Diaz, who promoted his Liter of Light project in Jersey City two years ago, in partnership with the Philippine-American Friendship Committee Inc., is being honored “for bringing light to those in the Philippines who lack electricity and have done so in brilliant and sustainable fashion.”
Diaz joins 12 other individuals and institutions representing “an extraordinary range of geography and achievement” who share a “common vision, passion and proven impact, wherever and however they happen to be changing the world,” Asia Society said in a statement. The awardees are from China, India, Japan, Philippines, Pakistan, Afghanistan and Indonesia.
The 2014 Class of Asia Game Changers [was] honored on October 16 at a Game Changer Awards Dinner at the United Nations Dining Room and Terrace.
Josette Sheeran, president and CEO of Asia Society said that the selection process began early this year, “inviting suggestions from Asia Society’s global network.” She reported that more than 130 individuals and institutions were nominated. Asia Society took six months to decide before announcing the awardees on September 16.
Bottle of light
Diaz is a social entrepreneur whose concept is to combine sunshine, water and chlorine inside a used one-liter bottle to bring light to disadvantaged Filipinos while recycling tons of plastic waste that would otherwise end up in already overburdened landfills.
His eco-friendly bottle lamp called “Liter of Light” comes from scavenged empty bottles. It is suspended from ceilings where during daylight hours the water inside the bottle refracts natural sunlight to produce a light equivalent to a 55-watt solar bulb, which then extends for another 10 hours at night.
The light source was designed with students from MIT and is rooted on the principle of Appropriate Technologies, a concept that provides simple and replicable technologies to address basic needs in developing communities.
The 1-Liter of Light has brightened 140,000 homes in the Philippines alone since 2011 and this simple technology is now replicated in 15 other countries including India, Bangladesh and Nepal.
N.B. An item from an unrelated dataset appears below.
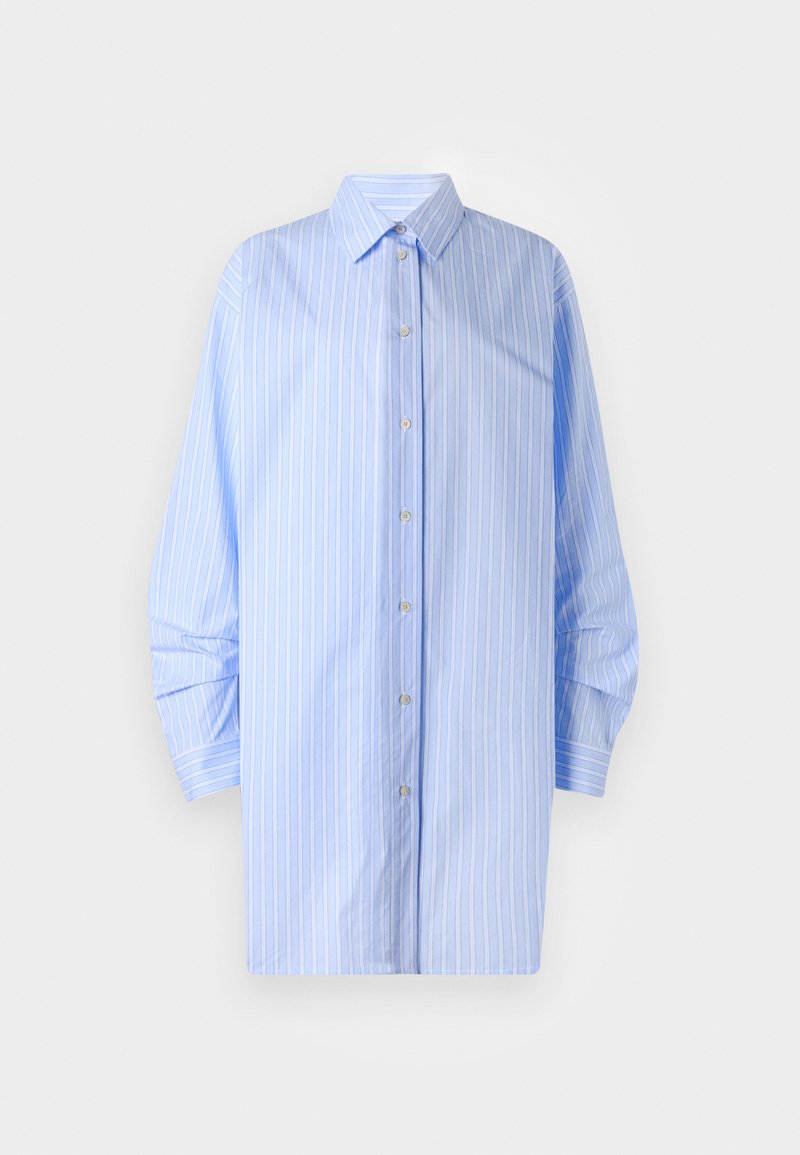 Won Hundred Blousejurk blauw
Diaz’s goal is to reach one million lights installed worldwide by 2015.
The program is inspired by many innovations from around the world. Many cultures have used glass bottles to allow lighting through the roof. Alfredo Moser, a Brazilian mechanic, began pioneering methods of experimenting with plastic bottles. However, modifications have been made to the Philippine model.
MyShelter Foundation hopes that “others take their work and continue to grow the concept, spreading it rapidly to empower and lighten the lives of people.”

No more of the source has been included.